(Source records)

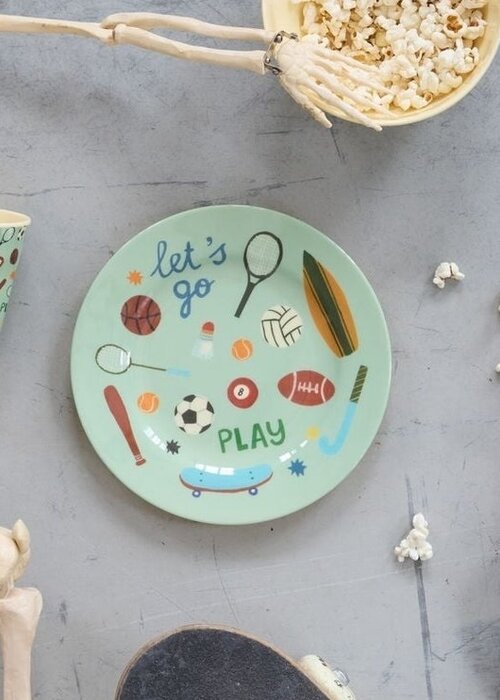 RICE Kinderbord - Sport Print - rice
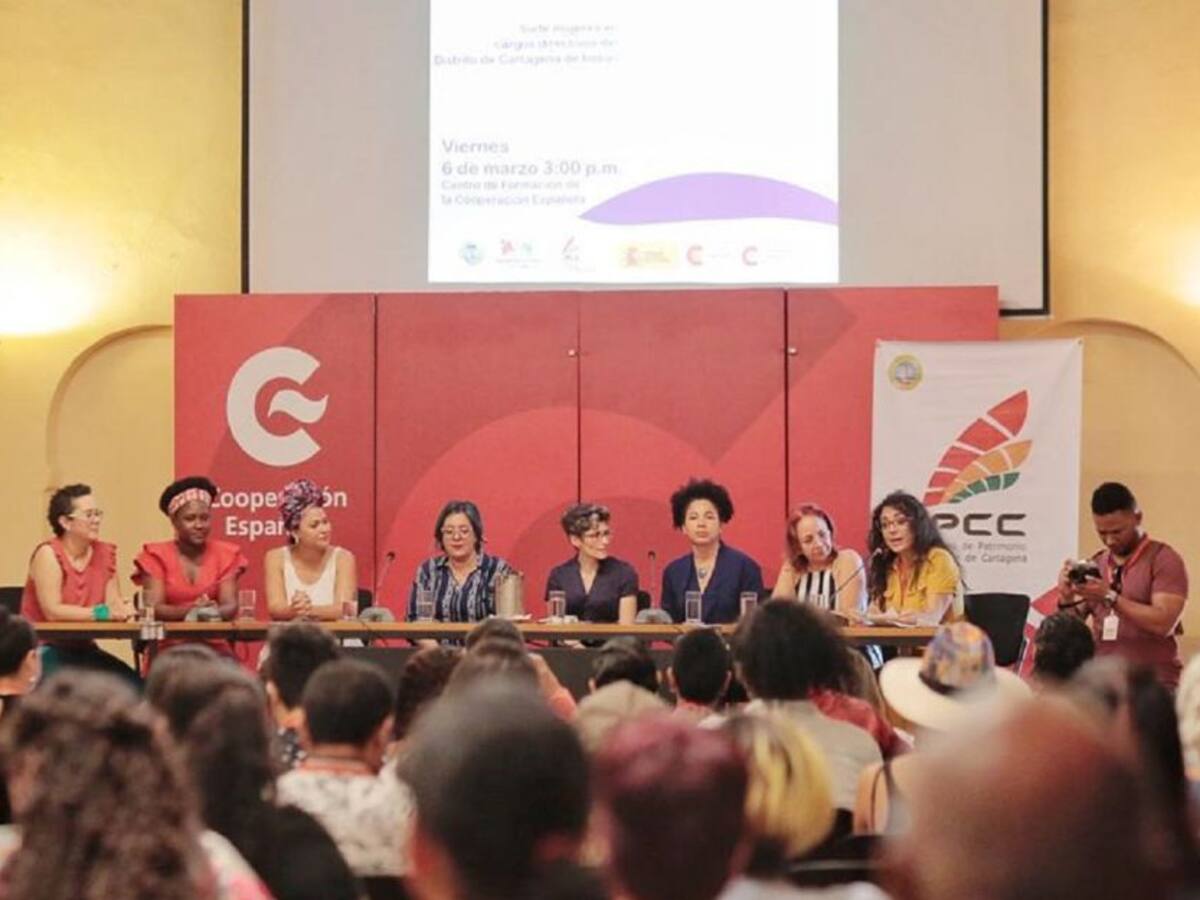 Con un conversatorio, el IPCC conmemoró el Día de la Mujer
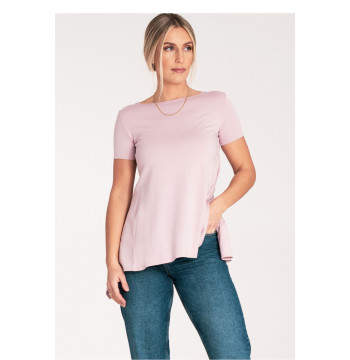 Bluzka Model M1051 Pink - Figl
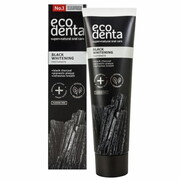 Wybielająca Pasta do zębów bez fluoru Czarna z Węglem Ecodenta 100ml Ecodenta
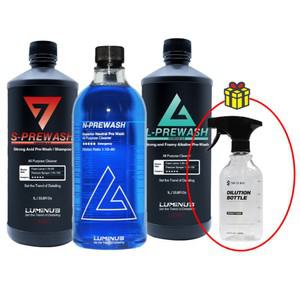 루미너스 3PH 산성 중성 알칼리성 프리워시 엘 엔 에스 프리워시 APC 세트 1리터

(End Source records)

Exercise
Reproduce the data above without a single change, please, but without its pictures.

Exercise output
 RICE Kinderbord - Sport Print - rice
 Con un conversatorio, el IPCC conmemoró el Día de la Mujer
 Bluzka Model M1051 Pink - Figl
 Wybielająca Pasta do zębów bez fluoru Czarna z Węglem Ecodenta 100ml Ecodenta
 루미너스 3PH 산성 중성 알칼리성 프리워시 엘 엔 에스 프리워시 APC 세트 1리터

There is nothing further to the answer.